Homeowners Inventory and Making Sure You Know What's Inside Your Home

The primary reason to have a comprehensive inventory is in case of an insurance claim. When you make an insurance claim for damaged, lost, or stolen property, your policy will require you to show the quantity, description and amount of loss associated with each item. Depending on the type of coverage you have, either full replacement cost or actual cash value, you may have to provide a depreciated value for your item. Where possible, you’ll also be asked to provide copies of bills, receipts, or other documentation to support your figures. If you forget some items or fail to include an adequate description of others, you may receive less than you should for your losses.

What is the Best Way to Arrange My Inventory?

Generally, it is best to arrange your inventory by room. It helps to ensure that you don’t miss anything. For each room, make a list of each item:

  • Opening drawers
  • Closets
  • Any other type of storage.

Be as descriptive as possible. For example, don’t simply note that a bed exists: describe the headboard, footboard, mattress, and bedding, and write down colors and dimensions.
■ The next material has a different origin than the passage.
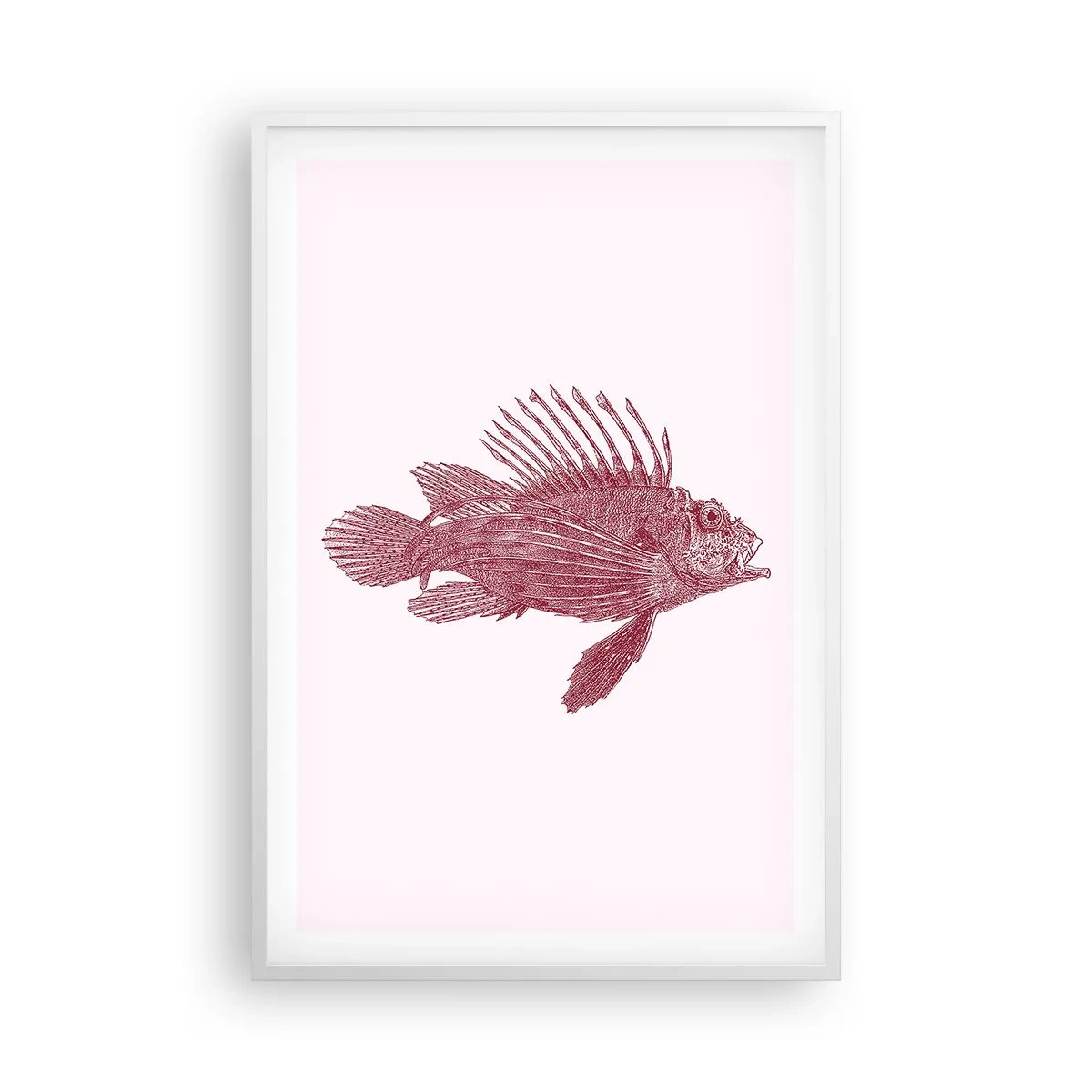 Poster in einem weißen Rahmen - Bewohner exotischer Gewässer - 61x91 cm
Don’t forget the attic, hall closets, basement, and outbuildings like garden sheds.

What Should My List Look Like?

Your list should include any of the following, note that this list is not comprehensive:

  • Your furniture
  • Jewelry
  • Artwork
  • Antiques
  • Appliances
  • Kitchen contents
  • Clothes, carpets, and drapes
  • Computer equipment
  • Television sets, CD players (and other audio or audiovisual equipment).
  • Musical instruments
  • Clocks, mirrors, and linens
  • Lawn mowers, snow equipment, tools, sports equipment, and any other item of value.

Homeowners Inventory and Making Sure You Know What's Inside Your Home

Try to include the following information for each item:

  • Item description and quantity
  • Manufacturer or brand name
  • Model number or serial number
  • Description of where (or how) the item was obtained
  • Date of purchase or age of item
  • Receipt or other proof of purchase, showing cost
  • Current value if you know it
  • Replacement cost if you know it
  • Photocopies of any appraisals

Can I Videotape My Possessions?

A picture can make the difference. It often helps to photograph or videotape your possessions, especially if the items are hard to adequately describe on paper or if you don’t have a receipt. If you use a camera, label each photo with information about the item shown. If you use a phone to videotape on, provide a commentary about each item in view. Save the videos in a file that allows you to see the date and time of when it was taken place, all the small details will matter.

Once you have your inventory, the trick is to keep it in a safe place. An inventory will do you no good if it’s lost in the same disaster that damages or destroys your home! Consider keeping a copy at work or in a safety deposit box. Include copies of your receipts and other supporting documentation. While you may never have to do a complete inventory from “scratch” again, you will want to update it. If you keep your files on your computer, updating the lists should be fairly easy. You should update your inventory at least once a year, to ensure it faithfully reflects what you have in your home.